Glamorizing Terrorism?
January 7, 2008Once one of Europe's most feared urban guerrillas, Ulrike Meinhof has been the subject of numerous films, documentaries, stage productions, songs and books, but her portrait has often been tinged by family influence. Both Meinhof's ex-husband Kalus-Heinz Röhl and her daughter Bettina Röhl have written about Meinhof and the process of disintegration of German society beginning in the spring of 1968 that led to the formation of the Red Army Faction (RAF).
Unravelling Myths
But Jutta Ditfurth's biography on Meinhof, released in November, disputes many of the myths that surround Meinhof's transformation from journalist to RAF terrorist.
In her six years researching the biography, Ditfurth, a founder of the German Greens party, who has since left the stage of national politics, uncovered previously unpublished material, including documents kept in archives outside of Germany.

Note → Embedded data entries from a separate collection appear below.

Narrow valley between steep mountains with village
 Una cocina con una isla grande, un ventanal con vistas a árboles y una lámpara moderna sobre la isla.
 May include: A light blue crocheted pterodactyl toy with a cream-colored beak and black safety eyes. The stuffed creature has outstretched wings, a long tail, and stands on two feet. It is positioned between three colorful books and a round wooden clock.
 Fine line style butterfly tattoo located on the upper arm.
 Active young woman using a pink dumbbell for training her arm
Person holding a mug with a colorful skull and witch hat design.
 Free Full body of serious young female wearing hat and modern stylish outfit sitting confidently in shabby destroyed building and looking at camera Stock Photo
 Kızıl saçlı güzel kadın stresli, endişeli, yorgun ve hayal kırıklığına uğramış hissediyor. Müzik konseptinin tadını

"Ulrike Meinhof was a much more interesting, much more multi-faceted person than I used to think," Ditfurth told DW-RADIO. "She was a woman who would have had a huge amount of opportunities and prospects -- if only she'd had the good fortune to have grown up somewhere other than Germany."
The biography also encompasses the post-war history of West Germany and the politically charged climate of the 1960s and 1970s. Ditfurth examines the often forgotten social conditions, such as state violence, the biased nature of German courts, the rigidity of law-making, and the terrible conditions for political prisoners that drove the RAF movement, also known as the Baader-Meinhof Gang, in what was then a flourishing West German democracy.
Contaminated by terrorism?
The biography is written entirely chronological and largely devoid of commentary, but critics have said that while the information used might be factual it only tells half of the story. Even Meinhof's daughter, Bettina Röhl, labelled the latest biography about her mother "poisonous rubbish contaminated by terrorism."
While Ditfurth admits the book is politically biased, she said there is a big difference between writing from a left wing point of view and endorsing anarchic terrorism.
"I am a Leftie from a different generation and the RAF was really never my cup of tea," she said. "I always drew a distinct line and sharply criticised their terrorist acts."
Far from helping her, Ditfurth said her political credentials as former leader of the German Green's left wing and her well documented opposition to the Red Army Faction actually made researching the biography more difficult.
"I was considered an outsider and was dealt with by people in certain RAF circles with a lot of scepticism," she said. "But still I did my best to find out all the things that I had ever wanted to know."
While Ditfurth is no apologist and she suggested that Meinhof's path was wrong, she also said it was wholly understandable.
Ditfurth is not the first to be accused of crossing the line between writing about the RAF and supporting the RAF – in 2002 critics said a film about RAF co-founder Andreas Baader "glamorized the leader."